▶ [Prompt] Only the pictures are to be omitted; every entry beneath should otherwise be duplicated exactly.

[Caption-style text data]

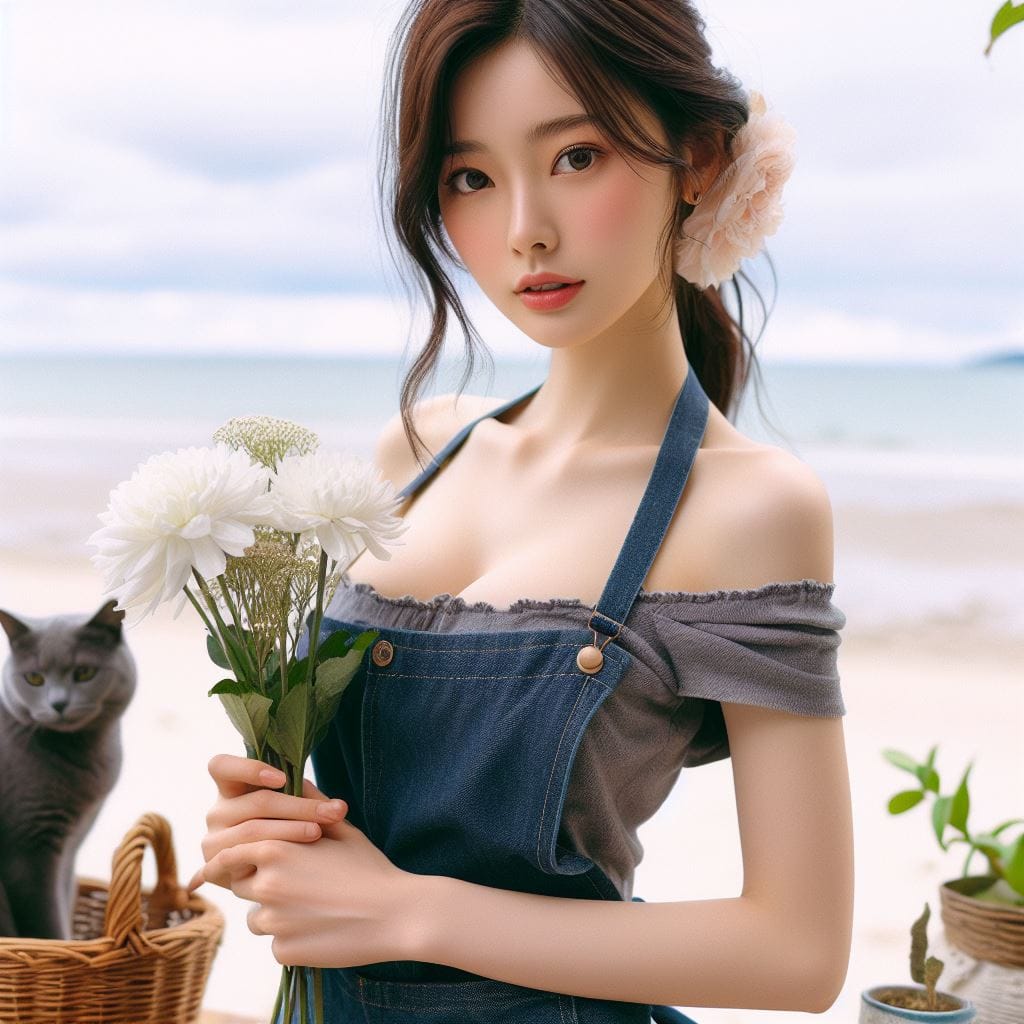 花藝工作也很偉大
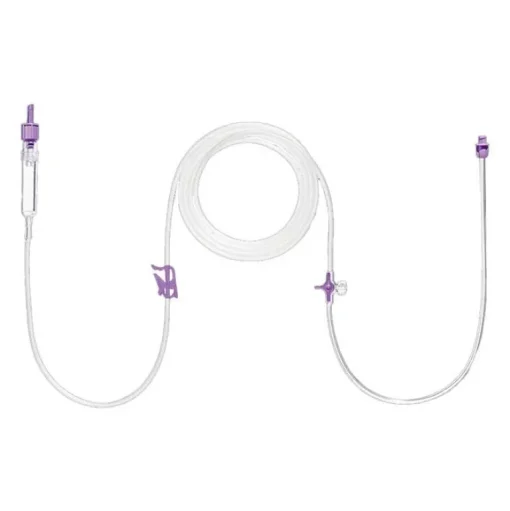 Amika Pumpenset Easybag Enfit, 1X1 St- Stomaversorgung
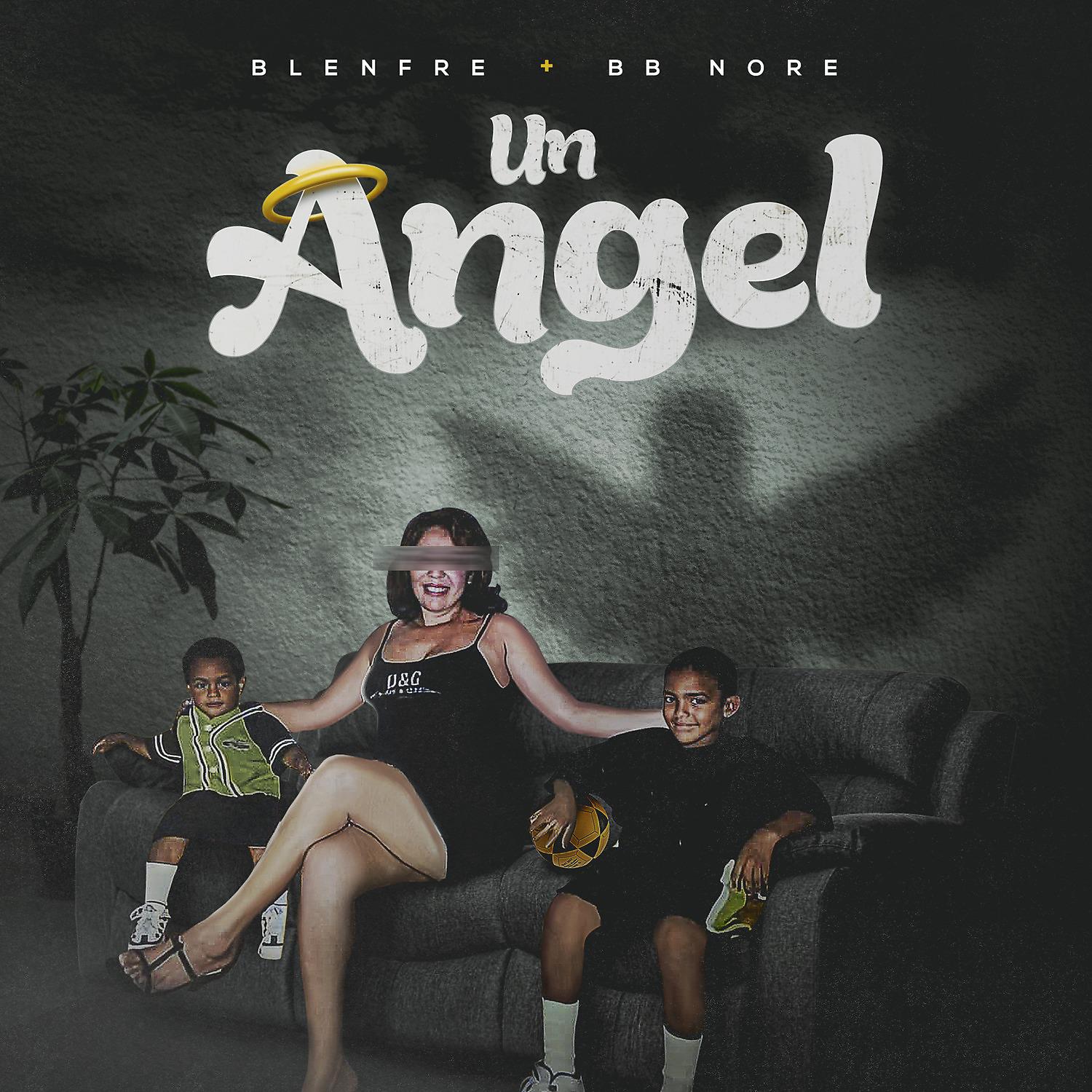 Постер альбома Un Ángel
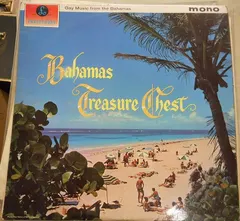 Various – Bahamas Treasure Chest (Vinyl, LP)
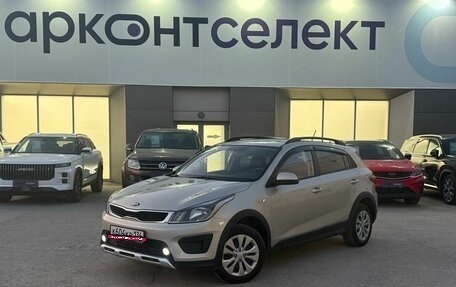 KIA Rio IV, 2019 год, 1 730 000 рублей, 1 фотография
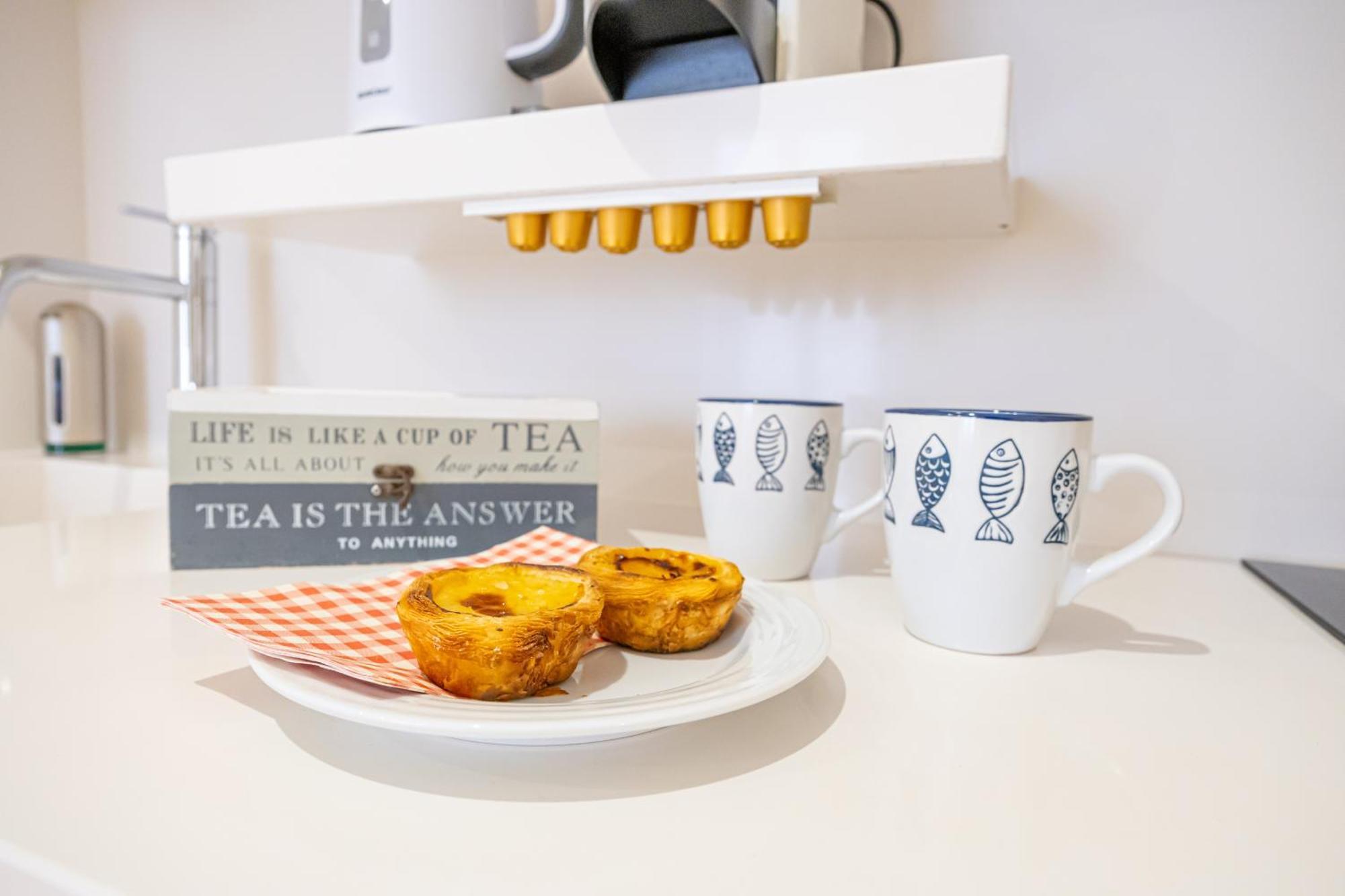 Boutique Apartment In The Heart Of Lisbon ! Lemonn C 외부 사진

▶ [Response to this exercise]
 花藝工作也很偉大
 Amika Pumpenset Easybag Enfit, 1X1 St- Stomaversorgung
 Постер альбома Un Ángel
 Various – Bahamas Treasure Chest (Vinyl, LP)
 KIA Rio IV, 2019 год, 1 730 000 рублей, 1 фотография
 Boutique Apartment In The Heart Of Lisbon ! Lemonn C 외부 사진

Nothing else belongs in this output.